A demand for the nation states to halt carbon emissions by 2025 falsely puts emission ratings into the dead center of the conflict rather than target the systems of production and culture of progress that allow for such cold evaluation of the natural world.

Extinction Rebellion misunderstands the nature of the crisis, the role of the state and the role of capital, especially obvious when they demand to “Tell the Truth”. Unclear notions like this remind more of a dystopian future. The truth has for ever been interpreted by the ones in power, so suggesting that the state and corporations will wake up to the ‘lies’ they’ve been pulling off for decades is naive, as their ‘truth’ and intention has always been to do whatever necessary to maintain the status quo and exploit the planet and inhabitants.

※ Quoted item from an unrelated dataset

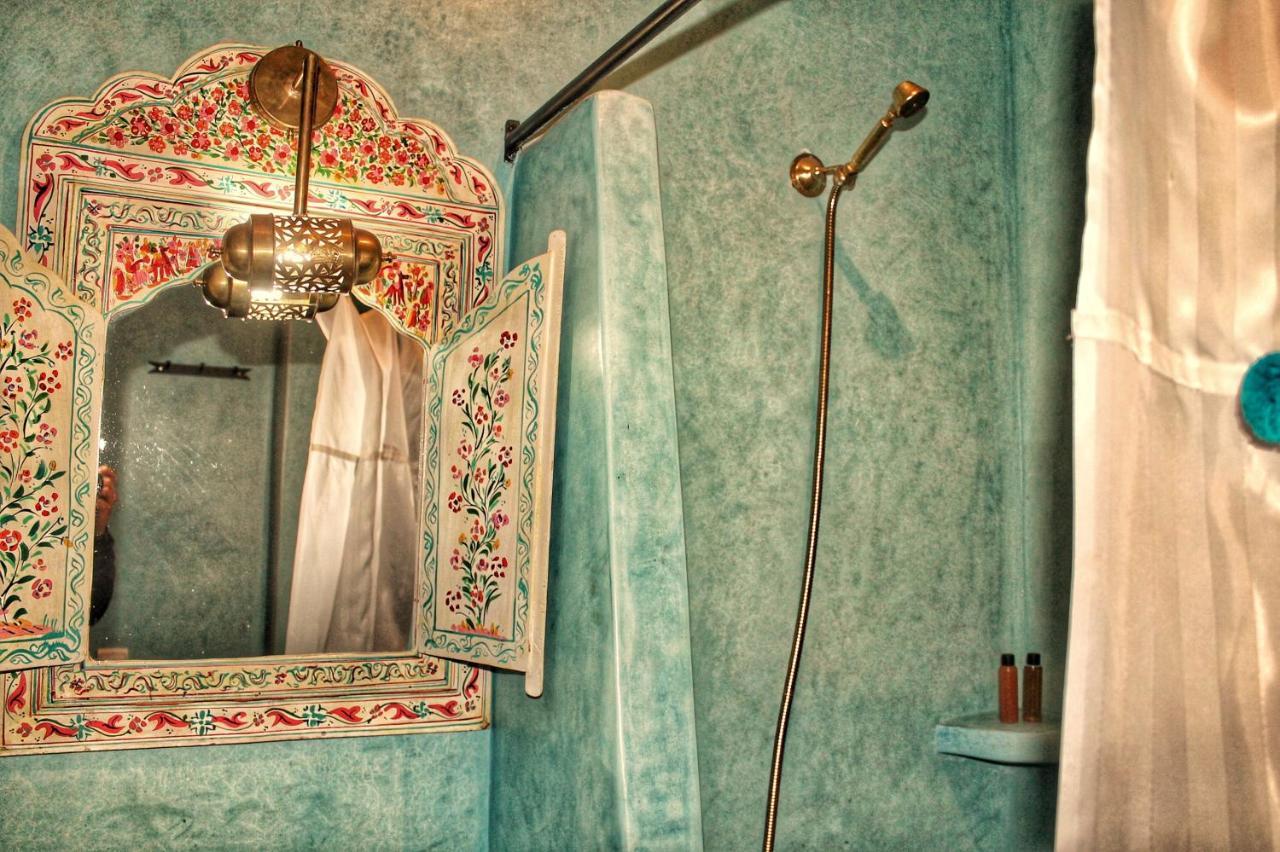 Dar Nakhla & Rooftop Jacuzzi Bed and breakfast *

Their tactics have and will lead to more and more dedicated activists being registered and categorized, perhaps even incarcerated by the state authority, as one of their ‘success criteria’ is a misunderstood perception of ‘standing up for your beliefs’. Activists should turn themselves in to the Police or demand to be arrested for illegal action, as anonymity and ‘getting away with it’ are not accepted forms of direct action under Extinction Rebellion action consensus. Such extensive and open struggles with the Police and legal apparatus, as e.g. Green and Black Cross in the UK have already stated while ending their cooperation with Extinction Rebellion, will lead to a burn-out of resources and is not a suitable way of leading a so-called ‘sustained rebellion’.

Much of this belief and culture is based on a cult-of-personality surrounding co-founder Roger Hallam, who is well-known for his appearances on TV signing up new activists to potentially go to prison for the rebellion, telling police officers that arrests aren’t happening ‘quickly enough’ and holding YouTube talks with his research on the one way to succeed as a social movement.

This game of self-sacrifice to the authorities can only be played to its climax at all times – it means revolution or death, and with the impending ecological collapse that can seem like an acceptable perspective, however, there are many other forms of sustained action and rebellion that should be undertaken without risking to rot away in a cell while the world is burning or being sorted out as a political enemy of a future eco-fascist state in the false hope of a (Western-led) global revolution. I’d suggest that whatever you do, get away with it.

It looks like Extinction Rebellion will at best achieve nothing tangible, and at worst have a destructive impact on the struggle for a just, liberated and biodiverse world.

“The hope of a Big Happy Ending, hurts people; sets the stage for the pain felt when they become disillusioned. Because, truly, who amongst us now really believes? How many have been burnt up by the effort needed to reconcile a fundamentally religious faith in the positive transformation of the world with the reality of life all around us? Yet to be disillusioned — with global revolution/with our capacity to stop climate change — should not alter our anarchist nature, or the love of nature we feel as anarchists. There are many possibilities for liberty and wildness still.

What are some of these possibilities and how can we live them? What could it mean to be an anarchist, an environmentalist, when global revolution and world-wide social/eco sustainability are not the aim? What objectives, what plans, what lives, what adventures are there when the illusions are set aside and we walk into the world not disabled by disillusionment but unburdened by it?”